Emicida ficou uns quatro anos batalhando diariamente, mas percebeu que – naquela época, com a pouca visibilidade – a carreira dos MC’s ficava somente ali, nas batalhas. E ele queria ir mais longe. Queria alcançar mais pessoas com sua voz e suas rimas.

No começo, Dona Jacira, sua mãe, não apoiava muito a decisão do filho. Por já ter visto a sua própria arte ser silenciada tantas vezes e por medo de que a história do marido se repetisse. Tinha muito preconceito em torno das batalhas de rap, muito racismo envolvido: muitos diziam que era “coisa de bandido”.

Medo também do que podia acontecer com seus dois filhos pretos. Porque Emicida já levava o irmão mais novo, Evandro, para as batalhas (até a pedido da mãe, que via que o filho não ia desistir tão cedo de seu sonho). 

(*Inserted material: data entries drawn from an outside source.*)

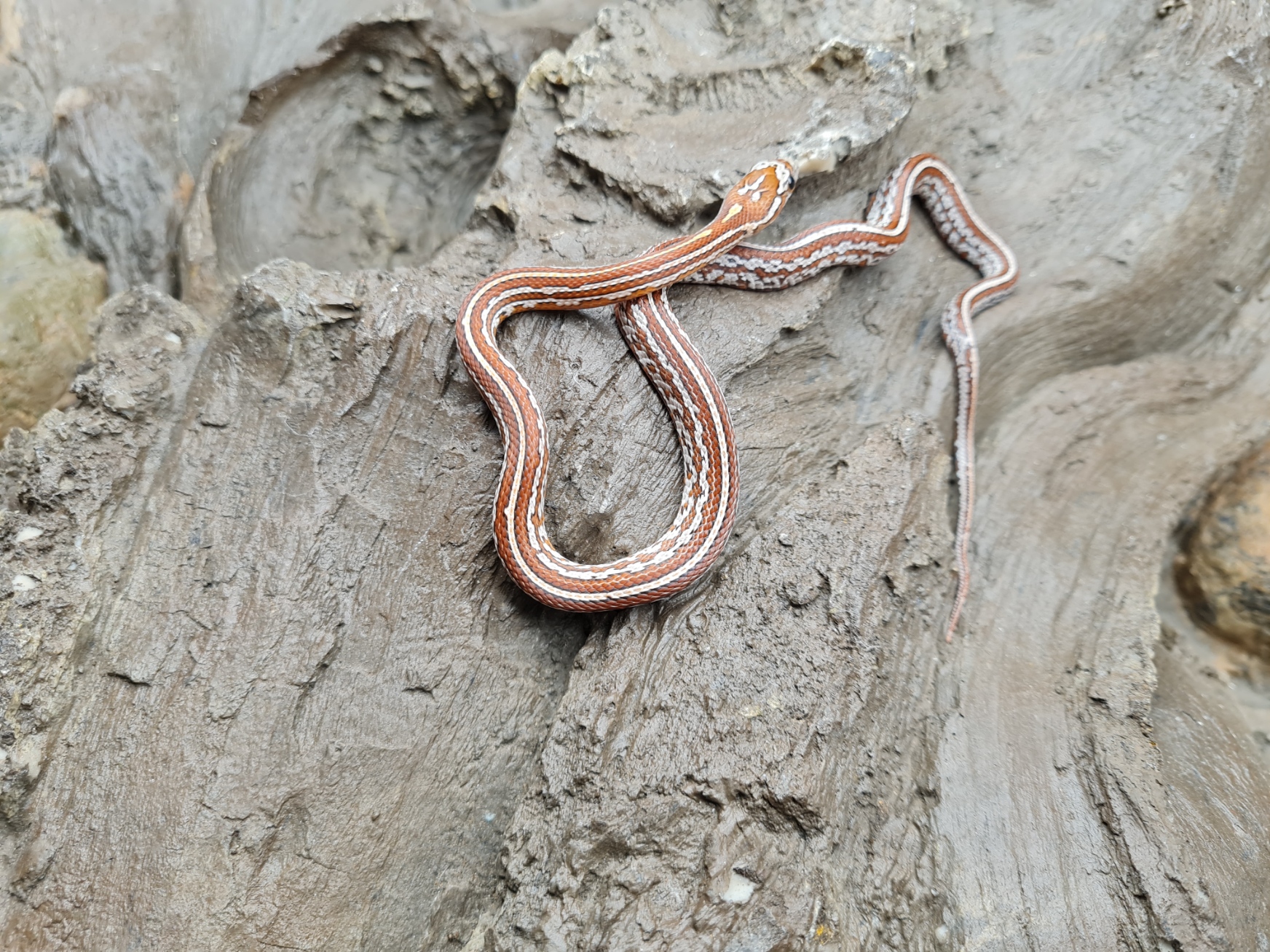 Pantherophis guttatus "(Super?) Tessera 66% het.albinos cinder 33% het.caramel motley" MÃ¢le 2024 Nom : TRIONO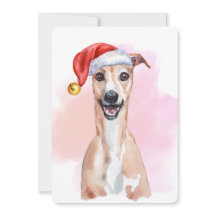 サンタの帽子をかぶったウィペット ウィペットのクリスマスカード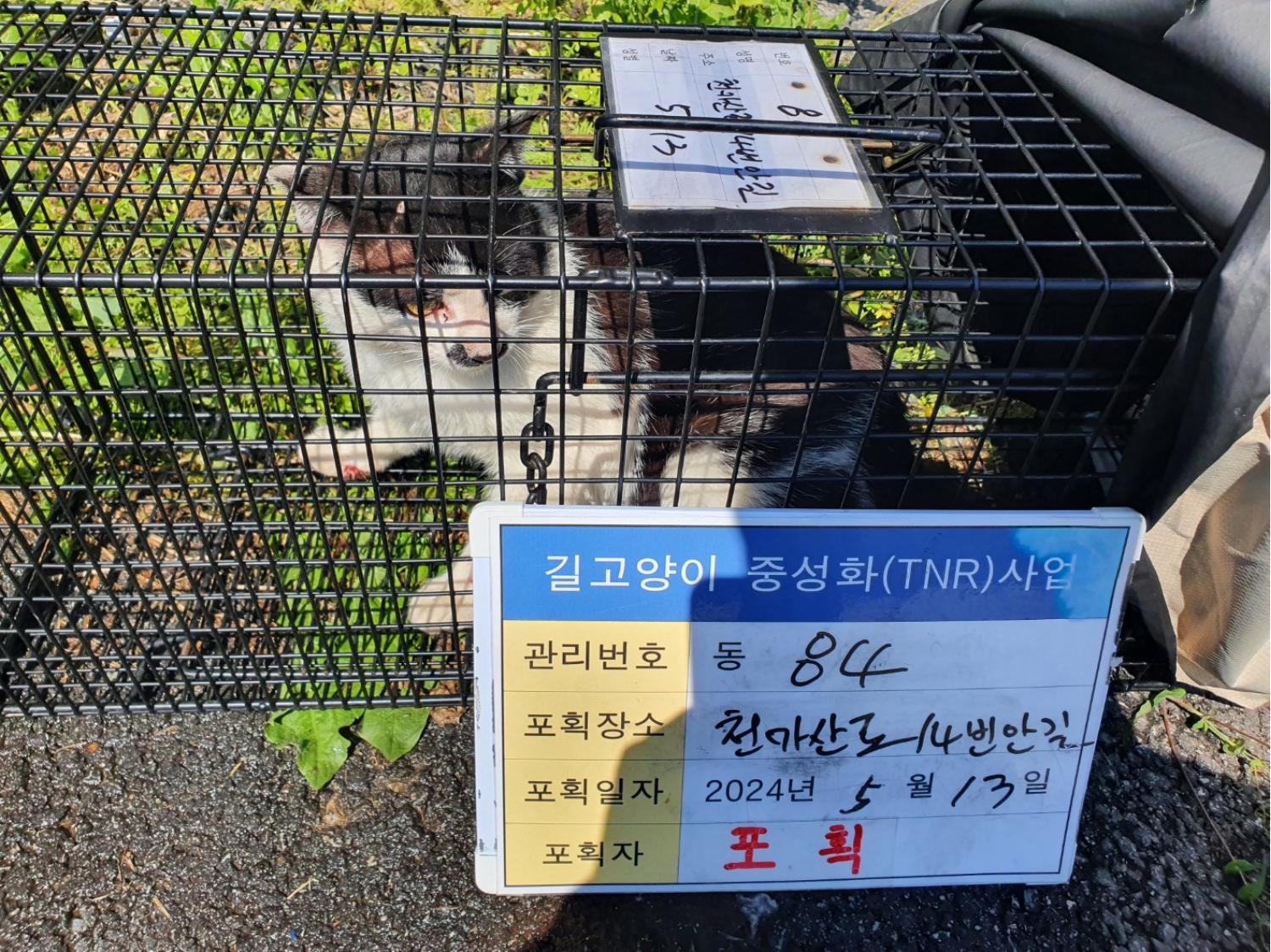 보호중동물사진 공고번호-경기-남양주-2024-01049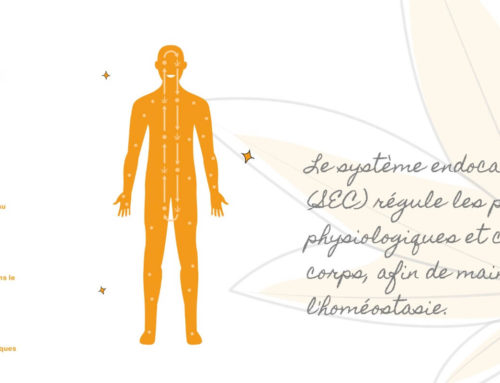 Qu’est ce que le système endocannabinoïde ?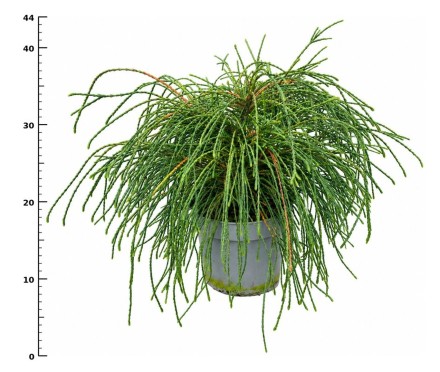 Thuja pl. 'Whipcord'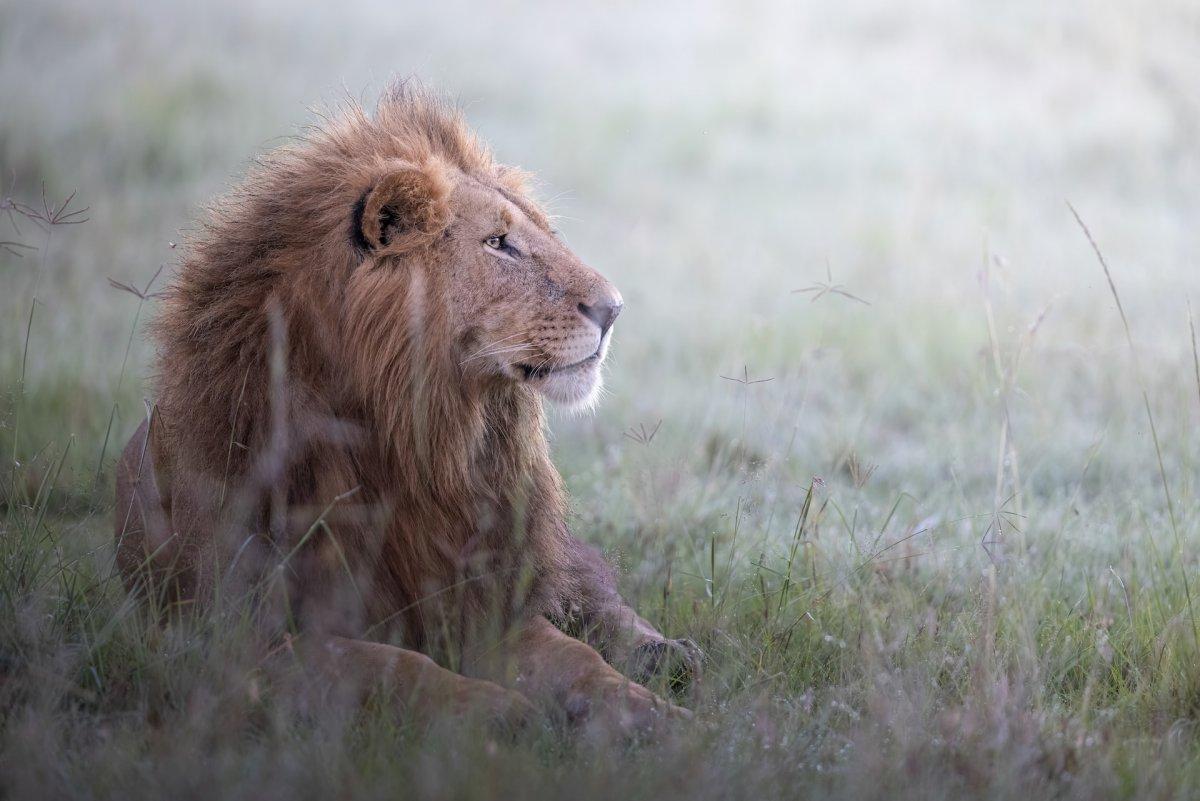 the lion is singapore national animal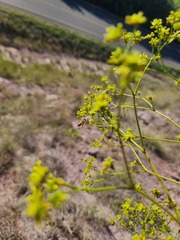 Eriogonum alatum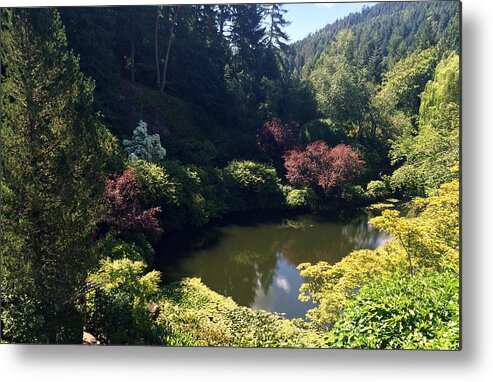 Sunken Lake Metal Print featuring the photograph Sunken Lake Butchart Garden by Portraits By NC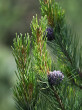 Pinus cembra
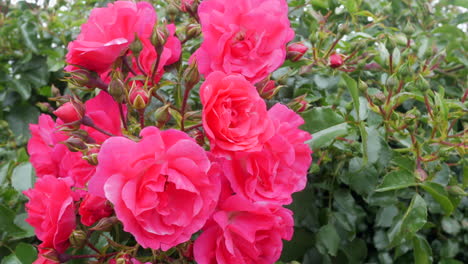 Leuchtend-Pinkfarbener-Rosenstrauch-In-Einem-Garten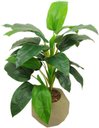 Ver imagem 1 de PLANTA ARTIFICIAL CORDIFORME 80CM PRA SALA VERDE DE VASO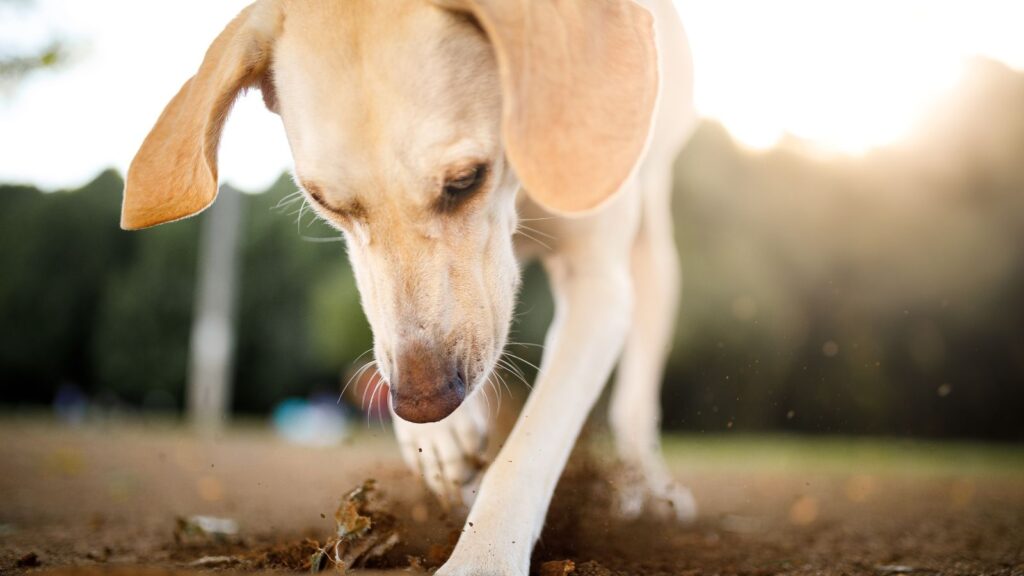 Dog digging a hole on the ground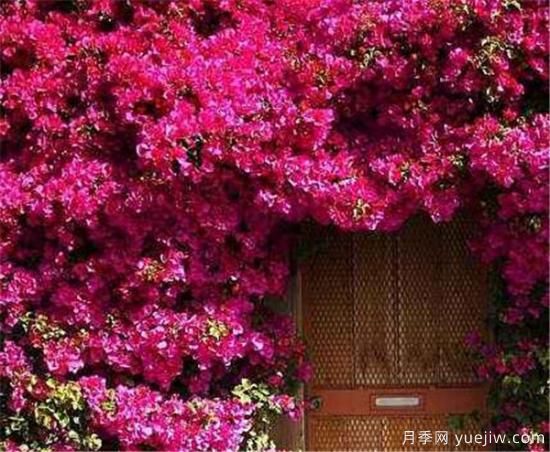 爬墻植物哪些***好養 養爬墻植物注意事項(圖3)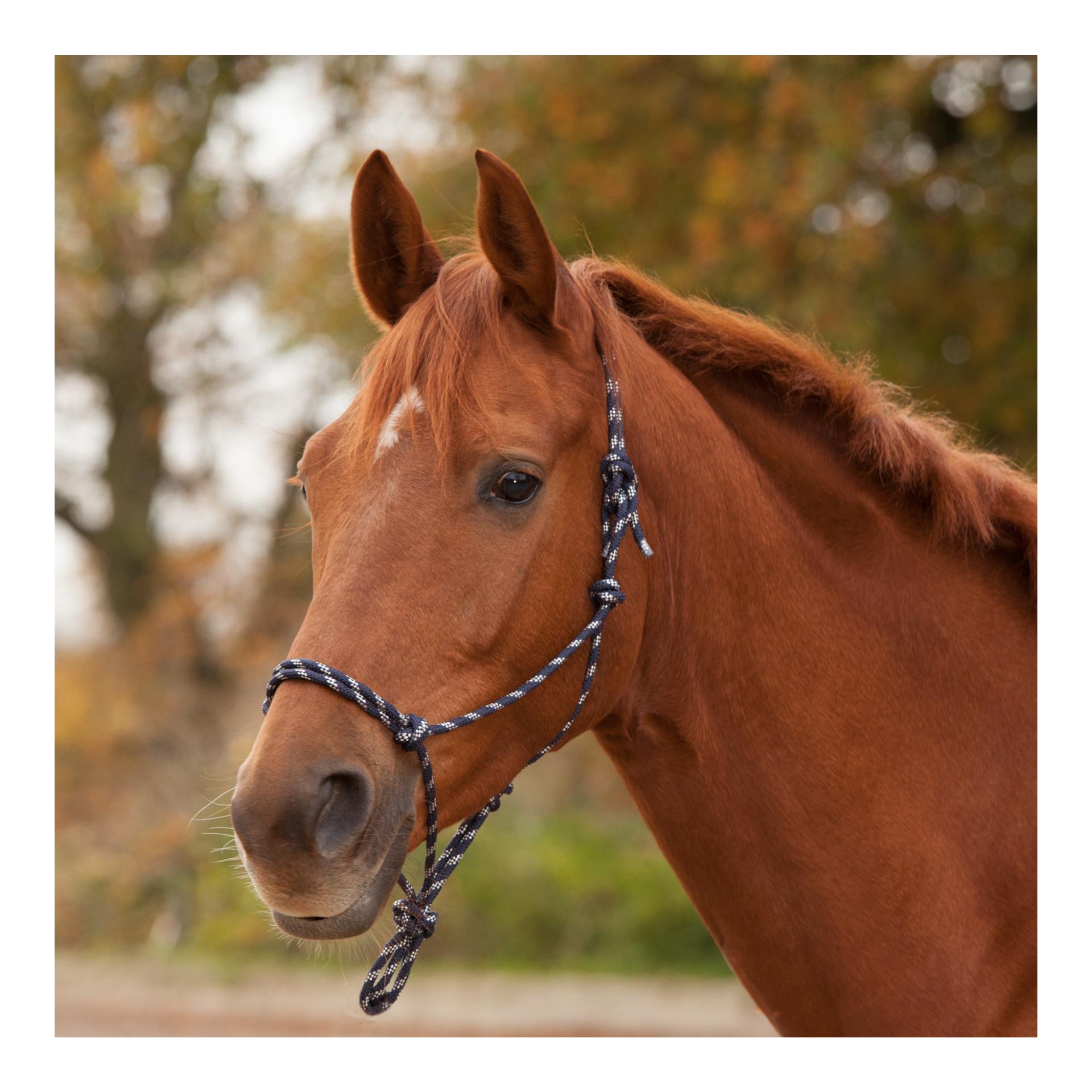Knotenhalfter - nachtblau/silber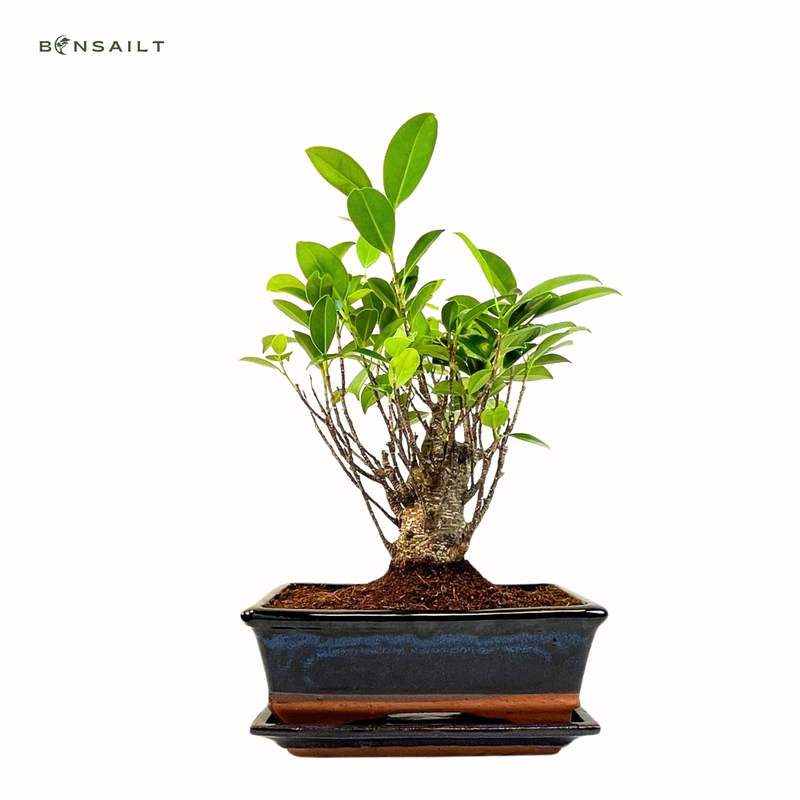 Ficus Bonsai S formos P20 medelis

“Você é o único representante do seu sonho na face da terra”), LEVANTA E ANDA, 2013.

Hoje, Dona Jacira fala que a melhor coisa que os dois filhos fizeram foi não a terem escutado: “Se tivesse me escutado, seriam dois serventes de pedreiro”.

A cultura do hip hop

Com o tempo, a mãe compreendeu a seriedade e a devoção com o que eles levavam a música. Ela conta também, que só voltou a fazer arte quando o trabalho do Leandro deu certo, porque viu que ele falava o que ela bordava, o que ela mesma cantava.

Ela conta que se reconheceu quando escutou ele cantar Chuva de Mísseis:

“Enforcado na sujeira dos relógios / O segue-segue dos Homens que marcham para elevar e apodrecer o mundo / No fundo, o absurdo é que todos são gêmeos e ridículos / Só muda o título os números e os capítulos”), CHUVA DE MÍSSEIS, 2009.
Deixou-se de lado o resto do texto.